I apologize for being long-winded. But all that is the necessary context that DOJ beat reporters should bring to a story on what Barr did in response to a request from Trump to make a public statement exonerating the President. Here’s the news in the WaPo piece, amid a bunch of Barr’s past PR and absent most of the details I’ve laid out above.

President Trump wanted Attorney General William P. Barr to hold a news conference declaring that the commander in chief had broken no laws during a phone call in which he pressed his Ukrainian counterpart to investigate a political rival, though Barr ultimately declined to do so, people familiar with the matter said.

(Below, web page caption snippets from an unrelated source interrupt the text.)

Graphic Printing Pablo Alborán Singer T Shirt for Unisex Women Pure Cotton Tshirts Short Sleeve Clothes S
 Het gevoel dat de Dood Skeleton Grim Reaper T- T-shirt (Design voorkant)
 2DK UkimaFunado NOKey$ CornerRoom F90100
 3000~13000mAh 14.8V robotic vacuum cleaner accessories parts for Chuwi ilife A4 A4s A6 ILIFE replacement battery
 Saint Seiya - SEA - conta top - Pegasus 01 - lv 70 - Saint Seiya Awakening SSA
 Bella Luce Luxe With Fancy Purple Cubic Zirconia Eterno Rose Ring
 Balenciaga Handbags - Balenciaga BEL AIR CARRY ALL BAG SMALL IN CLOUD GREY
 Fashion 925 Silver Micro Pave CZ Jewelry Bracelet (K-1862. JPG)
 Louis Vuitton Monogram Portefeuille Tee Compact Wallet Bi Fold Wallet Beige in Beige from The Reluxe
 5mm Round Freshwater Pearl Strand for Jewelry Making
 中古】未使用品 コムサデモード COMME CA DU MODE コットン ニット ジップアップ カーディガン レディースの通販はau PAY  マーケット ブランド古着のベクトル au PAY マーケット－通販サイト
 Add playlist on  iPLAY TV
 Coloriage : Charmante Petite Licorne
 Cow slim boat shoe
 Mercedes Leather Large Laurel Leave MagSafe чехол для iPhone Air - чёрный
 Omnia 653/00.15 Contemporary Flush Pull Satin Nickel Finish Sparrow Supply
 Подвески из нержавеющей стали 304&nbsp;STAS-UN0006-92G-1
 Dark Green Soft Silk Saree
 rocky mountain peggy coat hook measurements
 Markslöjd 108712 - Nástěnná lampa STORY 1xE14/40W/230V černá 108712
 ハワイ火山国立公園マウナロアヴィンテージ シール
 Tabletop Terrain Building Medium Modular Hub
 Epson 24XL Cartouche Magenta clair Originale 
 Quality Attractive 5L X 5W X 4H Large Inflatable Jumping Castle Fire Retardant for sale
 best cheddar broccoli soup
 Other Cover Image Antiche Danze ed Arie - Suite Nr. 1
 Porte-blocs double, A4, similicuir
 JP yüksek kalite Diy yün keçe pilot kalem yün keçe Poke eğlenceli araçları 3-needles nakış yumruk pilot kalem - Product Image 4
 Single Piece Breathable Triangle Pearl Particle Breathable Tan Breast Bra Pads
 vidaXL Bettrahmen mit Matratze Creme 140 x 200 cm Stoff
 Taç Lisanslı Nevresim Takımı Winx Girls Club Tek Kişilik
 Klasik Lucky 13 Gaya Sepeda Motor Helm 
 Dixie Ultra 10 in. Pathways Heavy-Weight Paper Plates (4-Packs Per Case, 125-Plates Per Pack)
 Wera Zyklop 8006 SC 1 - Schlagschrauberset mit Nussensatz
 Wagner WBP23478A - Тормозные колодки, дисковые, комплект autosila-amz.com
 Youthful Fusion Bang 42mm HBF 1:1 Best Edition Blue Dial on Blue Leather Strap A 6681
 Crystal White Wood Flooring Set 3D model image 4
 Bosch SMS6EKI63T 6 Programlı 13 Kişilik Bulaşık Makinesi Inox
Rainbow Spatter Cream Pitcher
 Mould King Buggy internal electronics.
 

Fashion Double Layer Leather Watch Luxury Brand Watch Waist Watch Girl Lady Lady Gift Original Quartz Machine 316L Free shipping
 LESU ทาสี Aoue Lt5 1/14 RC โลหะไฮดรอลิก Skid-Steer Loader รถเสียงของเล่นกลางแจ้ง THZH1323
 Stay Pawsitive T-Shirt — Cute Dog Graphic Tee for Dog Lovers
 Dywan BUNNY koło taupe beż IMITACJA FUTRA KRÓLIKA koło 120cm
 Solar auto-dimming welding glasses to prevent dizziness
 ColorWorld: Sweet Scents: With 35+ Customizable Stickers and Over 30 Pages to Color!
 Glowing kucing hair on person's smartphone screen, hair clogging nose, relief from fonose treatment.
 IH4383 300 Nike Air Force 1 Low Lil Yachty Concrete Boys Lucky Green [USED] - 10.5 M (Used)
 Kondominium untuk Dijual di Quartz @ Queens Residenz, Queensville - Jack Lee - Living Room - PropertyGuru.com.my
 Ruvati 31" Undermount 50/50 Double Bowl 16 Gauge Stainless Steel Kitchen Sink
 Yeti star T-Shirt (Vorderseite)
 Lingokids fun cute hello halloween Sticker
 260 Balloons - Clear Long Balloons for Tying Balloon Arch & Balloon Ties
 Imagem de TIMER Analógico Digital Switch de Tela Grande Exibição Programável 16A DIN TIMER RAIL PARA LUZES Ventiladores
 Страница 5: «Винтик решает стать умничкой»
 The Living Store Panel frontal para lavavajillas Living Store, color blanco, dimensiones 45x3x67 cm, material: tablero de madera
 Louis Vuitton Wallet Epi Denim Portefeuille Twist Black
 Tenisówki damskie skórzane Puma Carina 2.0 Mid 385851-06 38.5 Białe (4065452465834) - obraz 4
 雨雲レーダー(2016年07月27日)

The request from Trump traveled from the president to other White House officials and eventually to the Justice Department. The president has mentioned Barr’s declination to associates in recent weeks, saying he wished Barr would have held the news conference, Trump advisers say.

[snip]

The request for the news conference came sometime around Sept. 25, when the administration released a rough transcript of the president’s July phone call with Ukrainian President Volodymyr Zelensky.

[snip]

As the rough transcript was released, a Justice Department spokeswoman said officials had evaluated it and the whistleblower complaint to see whether campaign finance laws had been broken, determined that none had been and decided “no further action was warranted.”

It was not immediately clear why Barr would not go beyond that statement with a televised assertion that the president broke no laws, nor was it clear how forcefully the president’s desire was communicated. A Justice Department spokeswoman declined to comment. A senior administration official said, “The DOJ did in fact release a statement about the call, and the claim that it resulted in tension because it wasn’t a news conference is completely false.”

So, at a time after someone had already shared Ukrainian information with the Barr-micromanaged Durham investigation, after Barr had met with lawyers who were trading that access for propaganda to feed Durham, after Barr’s DOJ had scoped the whistleblower complaint to ensure it would not tie the complaint to the fully predicated criminal investigation in SDNY, after DOJ failed to turn over the complaint to FEC as required by a memorandum of understanding, after DOJ created an excuse to delay sharing the whistleblower complaint with Congress as mandated by law, after DOJ tried to hide Barr’s own involvement from Congress by overclassifying that fact … after all those overt acts that, depending on Barr’s understanding of what he got briefed way back in February and learned in multiple different ways since then, might amount to overt acts in the conspiracy SDNY has already charged Parnas and Fruman in, Barr declined to go out before cameras and comment on an ongoing investigation (which is, remember, what Jim Comey was ostensibly fired for) by publicly exonerating the President.

Instead, he had DOJ’s spox Kerri Kupec do so, in a statement that offered up excuses for why DOJ failed to connect the dots on a complaint that tied to a fully predicated investigation being conducted by SDNY.

Had Barr made that public comment, with his knowledge that the subject of the complaint connected to an ongoing investigation in SDNY into the underlying information operation that led up to the President’s call, his involvement in the Durham investigation that had already been fed by that information operation, and his meeting with lawyers that helped to provide a payoff for some of that information operation, it would have been an overt act that even Barr, with his abundant flair for PR (as witnessed by this WaPo article), could not deny was an overt act in a conspiracy being investigated by his subordinates.

So instead, he had a different subordinate (there is no evidence Kupec had any knowledge of these other acts) do that.

But that is not — as portrayed by the WaPo — evidence of distance between Barr and the White House. Rather, it’s evidence that Barr recognizes his own risk of becoming an active member of the conspiracy his DOJ went to great lengths to avoid investigating.

And all that’s before Barr slinked into a meeting with Rupert Murdoch as Sean Hannity was about to become part of the conspiracy.